By making sure lines of communication between sales and finance are open, White hopes the sales force will see his department as enabling well-structured deals rather than blocking them. “We want our salespeople to feel comfortable calling in the revenue recognition specialists as soon as a deal starts shaping up in other-than-standard terms,” he adds.
That philosophy is echoed at Salesforce.com Inc., a fast-growing software company in San Francisco. There, large sales contracts are continually reviewed by a dedicated team of two to four finance executives. Complex transactions command the attention of CFO Steve Cakebread. New hires go through an orientation process in which revenue recognition issues are layered in to a larger discussion about business ethics, says Cakebread, adding that he wants salespeople to understand that the finance department will work to get deals done.
What makes an initiative particularly effective, says SAP’s White, is its ties to compensation. The firm regularly reviews its compensation for salespeople to make sure it provides ample rewards without promoting deals that straddle or cross a regulatory line. If SAP seeks to sell to a new division of an established customer, for example, it provides salespeople with incentives aligned with revenue recognition rules.
What the initiatives guard against, says Geac’s de Winter, are red flags that could cause accounting hassles. Take performance guarantees. In the software industry, customers sometimes demand guarantees that a new product will integrate well with other software on their systems. Or they may insist the software be customized. Such promises create headaches for finance because, under GAAP, recognition of the revenue would have to be deferred until the software works as promised — which could take months and involve additional consulting.
Promises of future upgrades or other deal sweeteners are also troublesome. For example, says de Winter, “a salesperson may tip the customer that a new version is due in six months, then [offer] a free upgrade if the sale closes now.” Auditors usually take the position that the customer isn’t buying the current functionality but rather functionality that isn’t on the market yet. So, depending on circumstances, only a portion of the revenue may be recognized at the time of the sale of the first version.

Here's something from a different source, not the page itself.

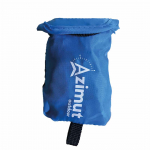 Serviette Ultra Compacte 40x40 Bleu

Extended-payment terms cause problems, too. Sometimes, to meet goals, a salesperson will urge a customer to buy now and pay later. Even long-cherished freebies such as support or no-cost training for staff using the software may be, under certain circumstances, taboo. “Freebies create a multi-element deal, and from a finance point of view, that’s a challenge for revenue recognition,” says de Winter. “Deals that have multiple elements, meaning software, services, support, and training, need to have a fair-market value assigned to each component.” Revenue from each may have to be spread out over months or even years.
Understandably, there is tension between sales and finance over what can be promised and what can be recognized. And that tension is often directed at the CFO who delivers the news that certain sales techniques are now banned. At Geac, de Winter and her team, at least early on, heard muttering about “stupid regulations.”

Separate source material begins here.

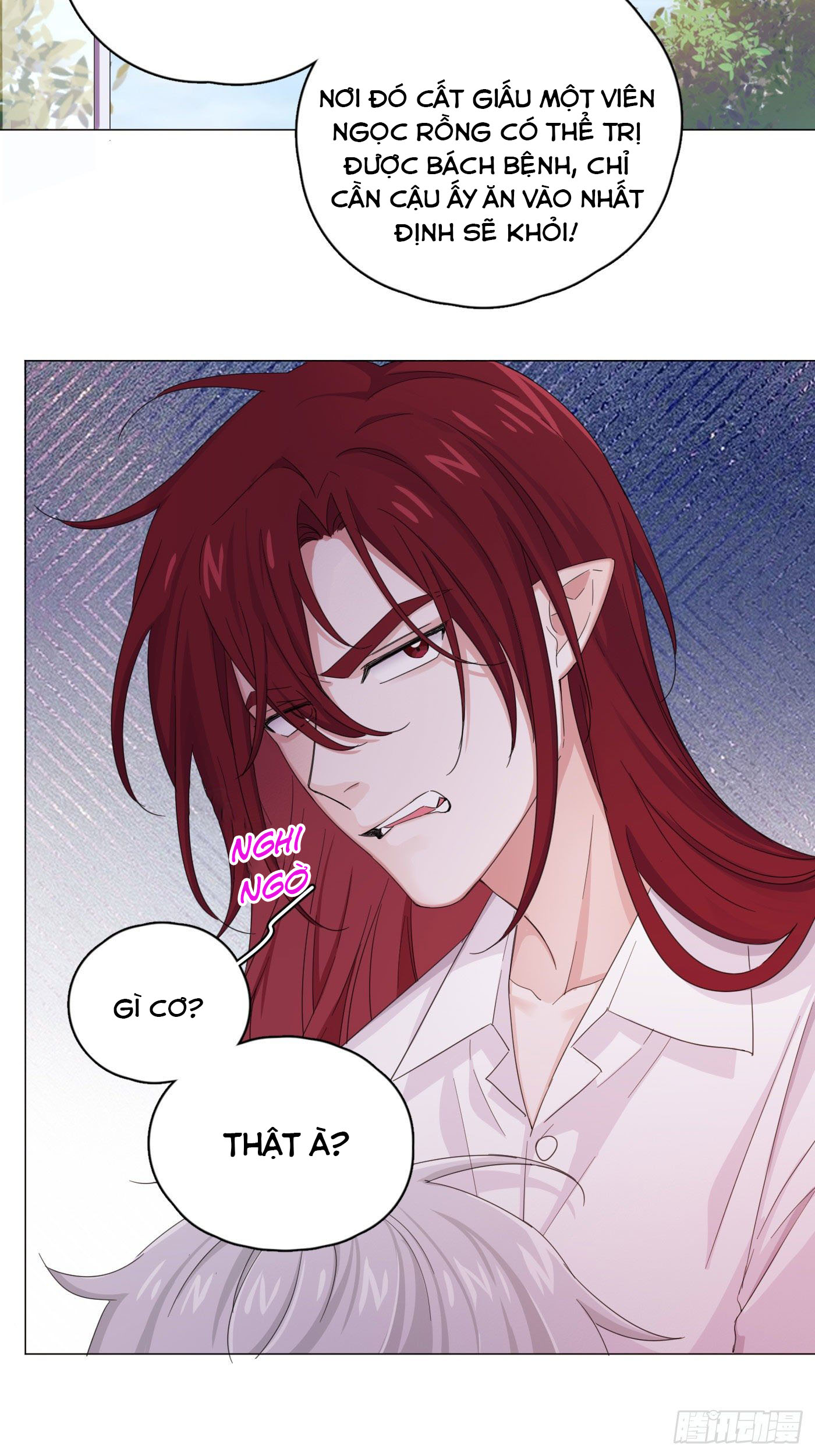 nhất hoàng cửu công thập nhị thê chapter 20 11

Overcoming that hostility takes time, but it can be done. As proof, de Winter says she now hears salespeople knowledgeably describing deals with revenue recognition in mind. What’s happened, she says, is that salespeople have simply had to “accept that there’s a new world order — and that we are not alone in imposing [these] stricter rules.”
P.B. Gray is a freelance writer based in Wellesley, Massachusetts.
Finance executives who have developed revenue recognition programs for sales have some tips for those just beginning the process:
Navigate political waters carefully. Build support at the top of the organization first before trying to enlist sales executives, who may prickle at the intrusion.
Make educational programs simple, and even entertaining. One CFO dissects a “bad deal,” picking through a sales contract line by line during a presentation, then reconstructs the contract as a “good deal.”
Plan a minimum of three or four presentations to salespeople each year. Turnover can be high in sales. New hires may be unfamiliar with the rules of the game. Also, as regulators continue the crackdown, ever-stricter rules are likely.
Make sure that compensation programs for salespeople are well structured and don’t provide inducements — even subtle ones — to flout accounting rules.